═══ Excerpted data ═══

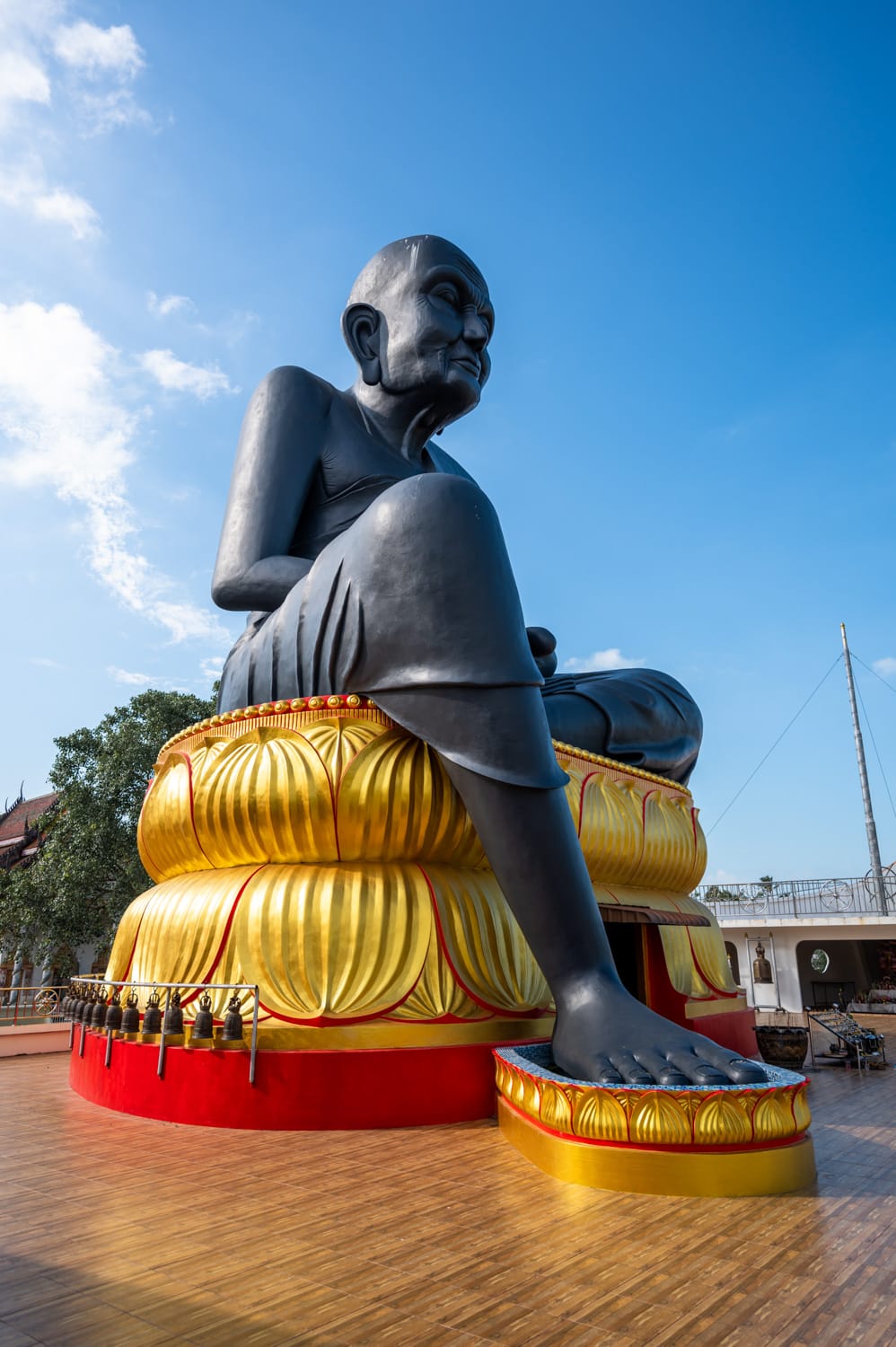 Wat Bo Phuttharam (1) Schwarze Mönchsstatue im Wat Bo Phuttharam auf Koh Samui
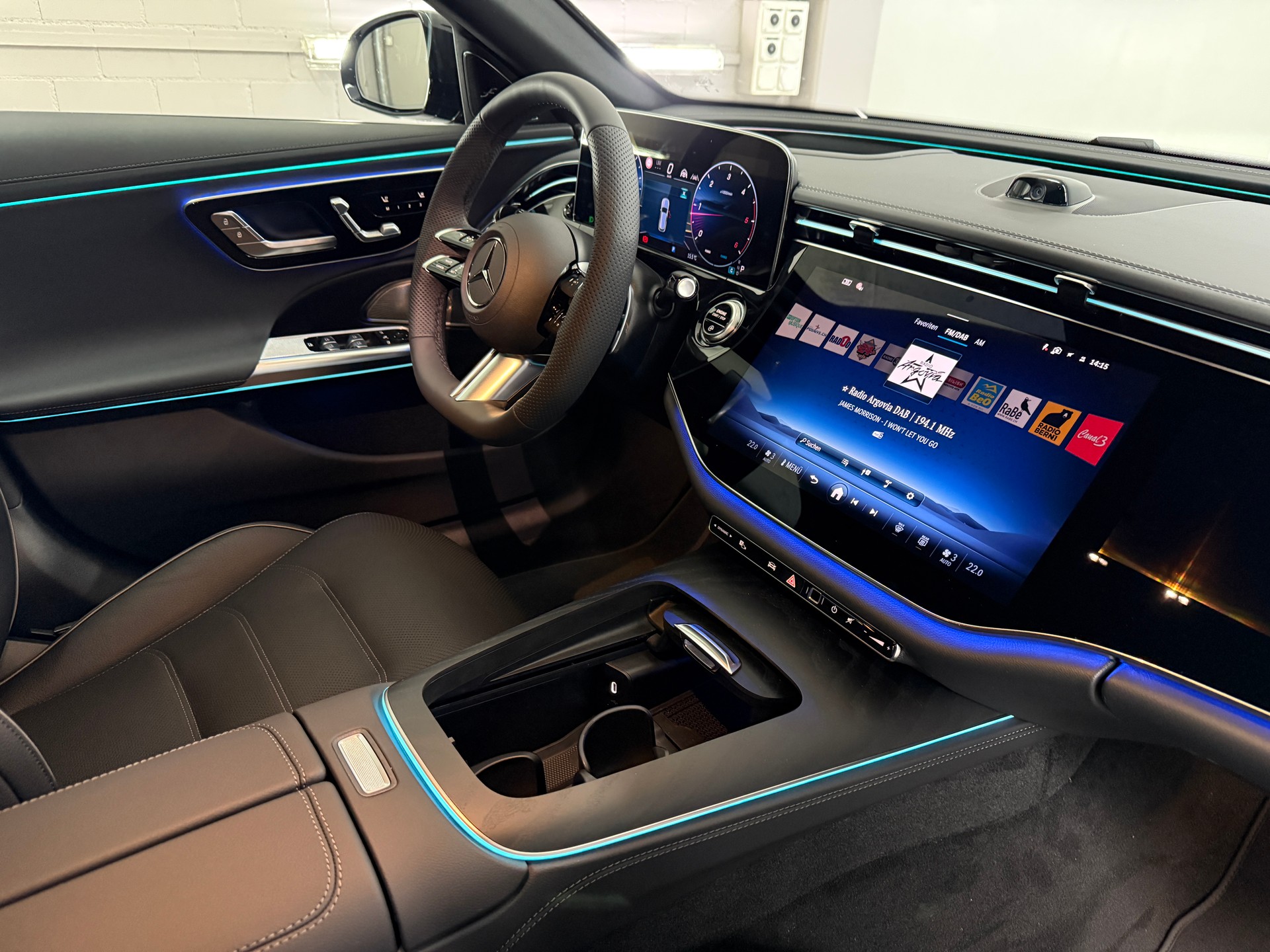 MERCEDES-BENZ E 220 d 4MATIC T-Modell-image-11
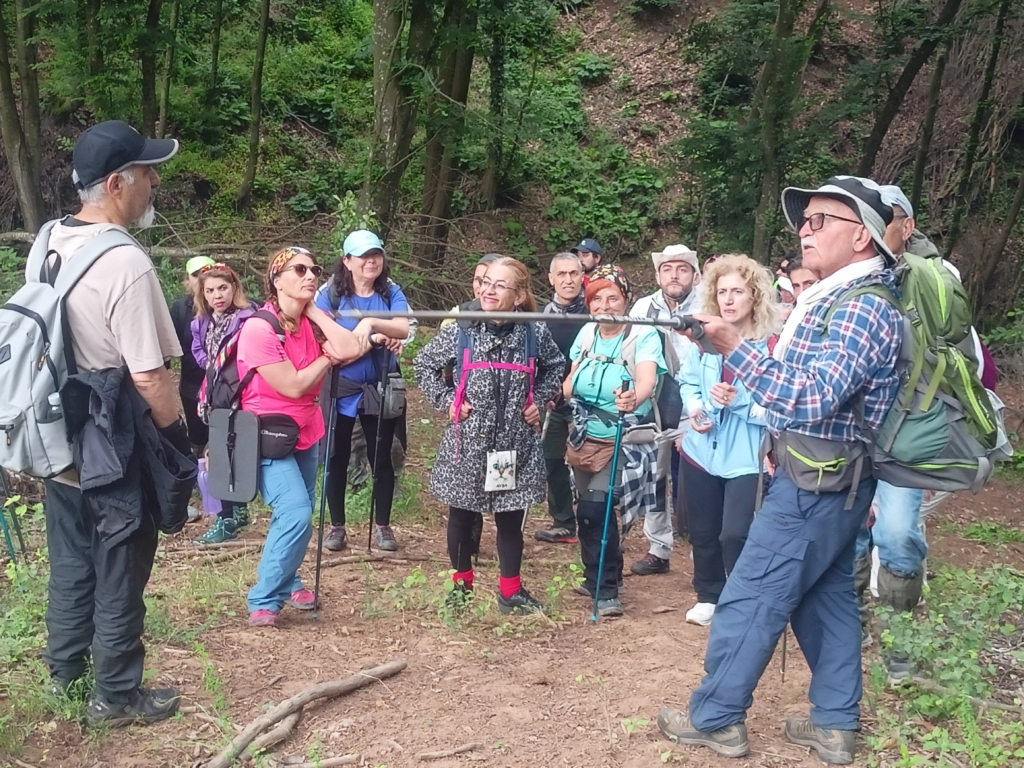 TEMA Vakfı Yalova Gönüllüleri Doğada Buluştu: Höyüktepe’den Dumantepe’ye 11 Kilometrelik 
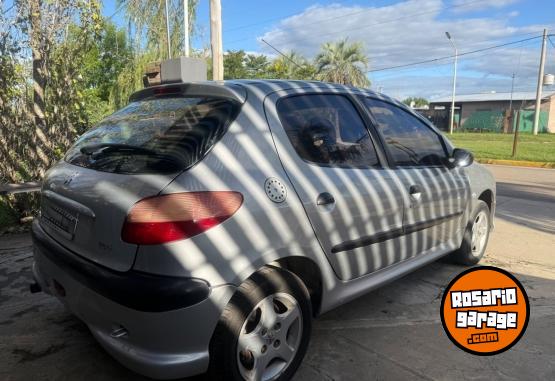 Autos - Peugeot 206 2003 Nafta 250000Km - En Venta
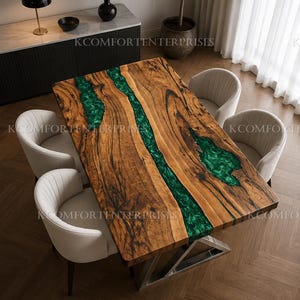 Puede incluir: Una mesa de comedor rectangular con un tablero de madera natural y una incrustación de resina verde esmeralda con remolinos en el centro. La mesa se apoya sobre una base metálica angular y está rodeada por cuatro sillas de color crema.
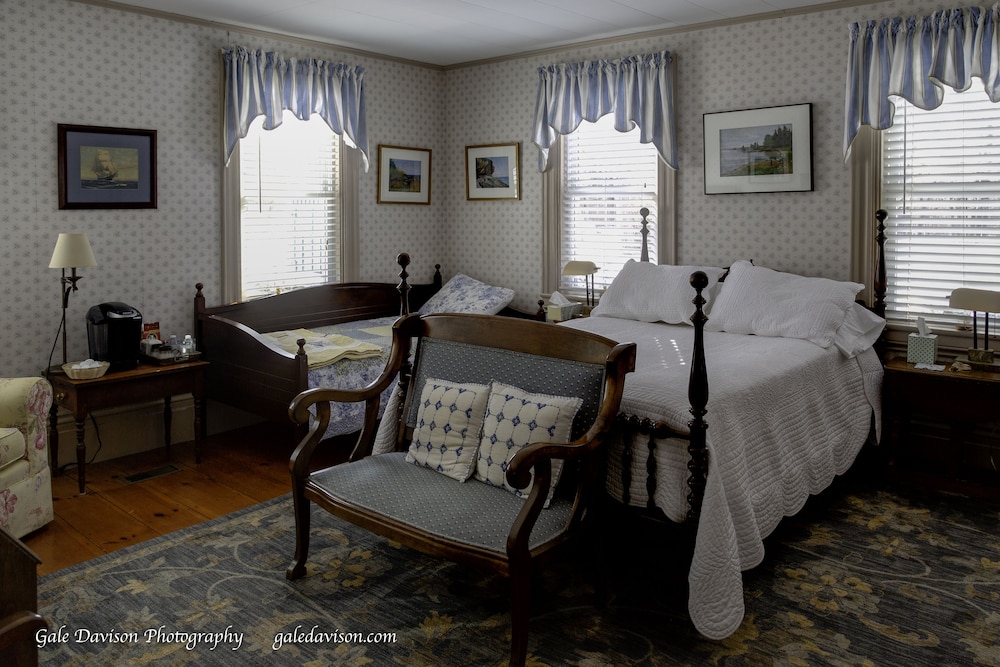 Standard Room, Multiple Beds, Non Smoking (First Floor Room)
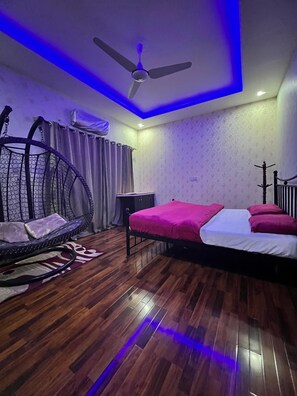 3 bedrooms, desk, iron/ironing board, travel cot - Haven Lodge, Cozy 3BR Entire Home with Lounge, Drawing, Dining & Kitchen (Islamabad)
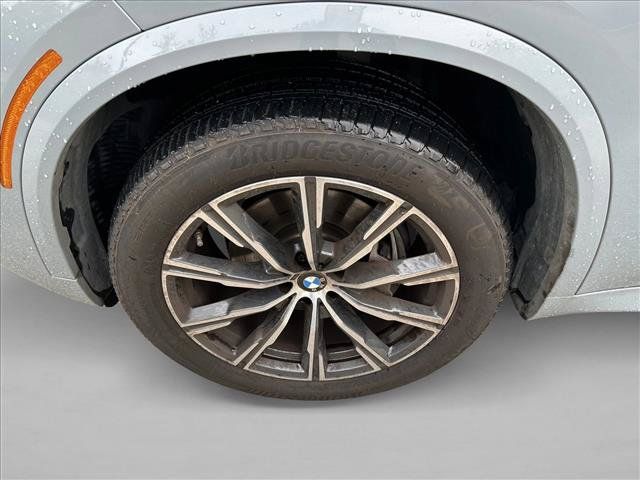 Used 2026 BMW X5 xDrive40i AWD/4WD image 9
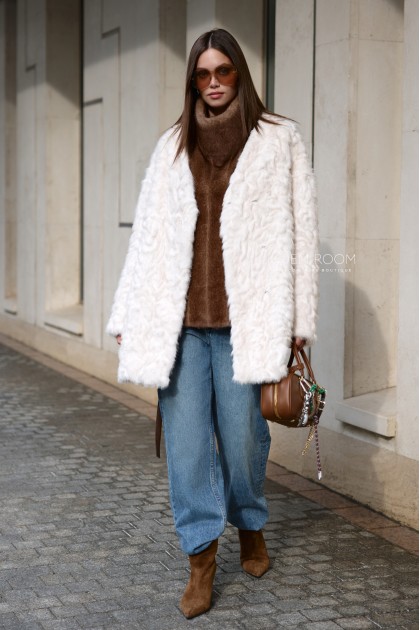 светлая шуба из эко - меха с манишкой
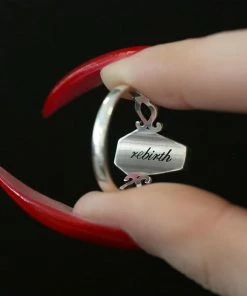 CLASSICS REBIRTH. Rose Under Glass Coffin Ring - Silver Rings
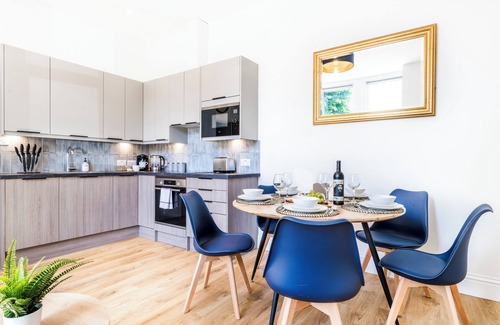 Sutton West Apartment | Cozy 2 Bedroom Flat in Sutton/London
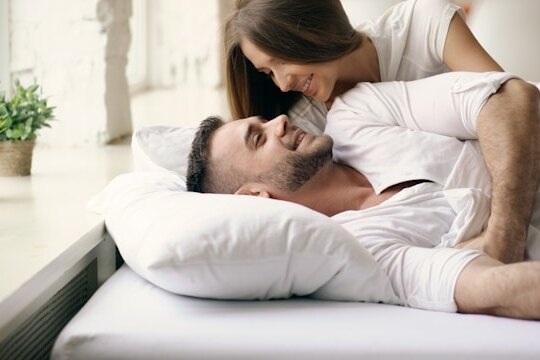     Почему некоторые взрослые люди никогда не занимаются сексом: исследование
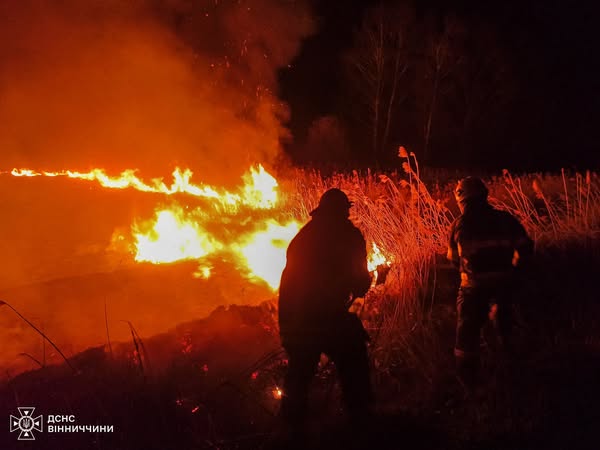На Вінниччині на Великдень працювали пожежники та їхні добровільні помічники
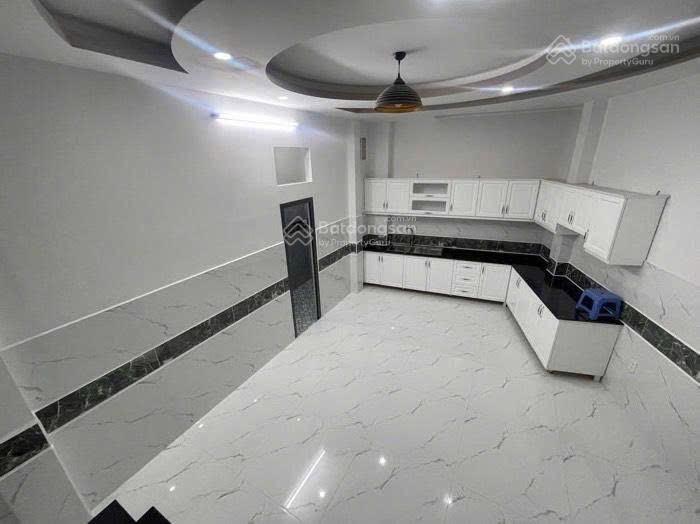 Phan đăng lưu + trần kế xương  50m2  hxh  3 tầng btct  không quy hoạch  nhỉnh 5 tỷ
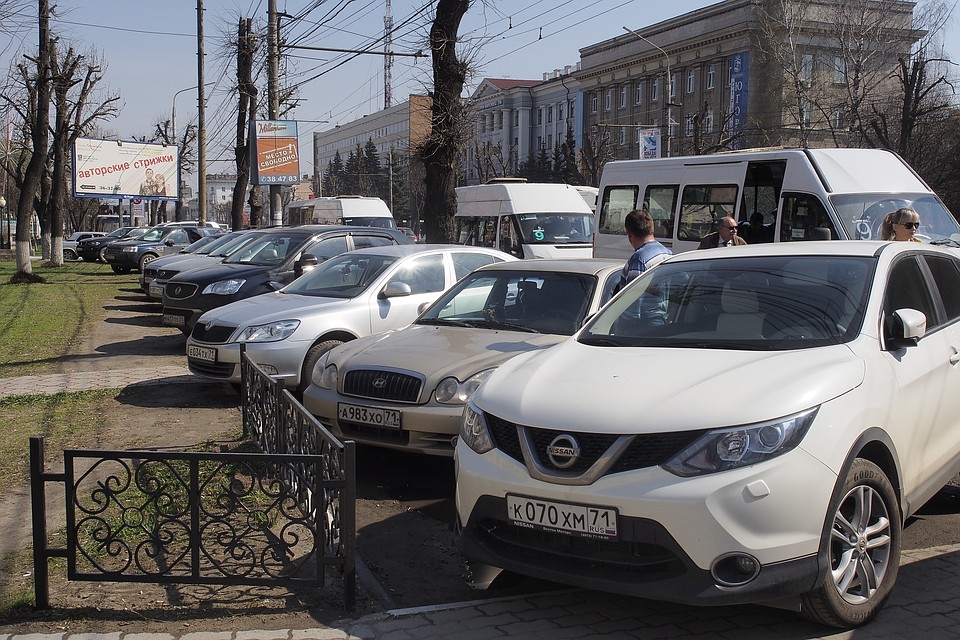 Городской бюджет получил от платных парковок более 32 миллионов дохода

═══

What you should do: Begin at the first line of the entries above and return each line exactly, stopping after the line that contains "Autos - Peugeot". Pictures do not belong in the copy.

Solution for this problem:
 Wat Bo Phuttharam (1) Schwarze Mönchsstatue im Wat Bo Phuttharam auf Koh Samui
 MERCEDES-BENZ E 220 d 4MATIC T-Modell-image-11
 TEMA Vakfı Yalova Gönüllüleri Doğada Buluştu: Höyüktepe’den Dumantepe’ye 11 Kilometrelik 
 Autos - Peugeot 206 2003 Nafta 250000Km - En Venta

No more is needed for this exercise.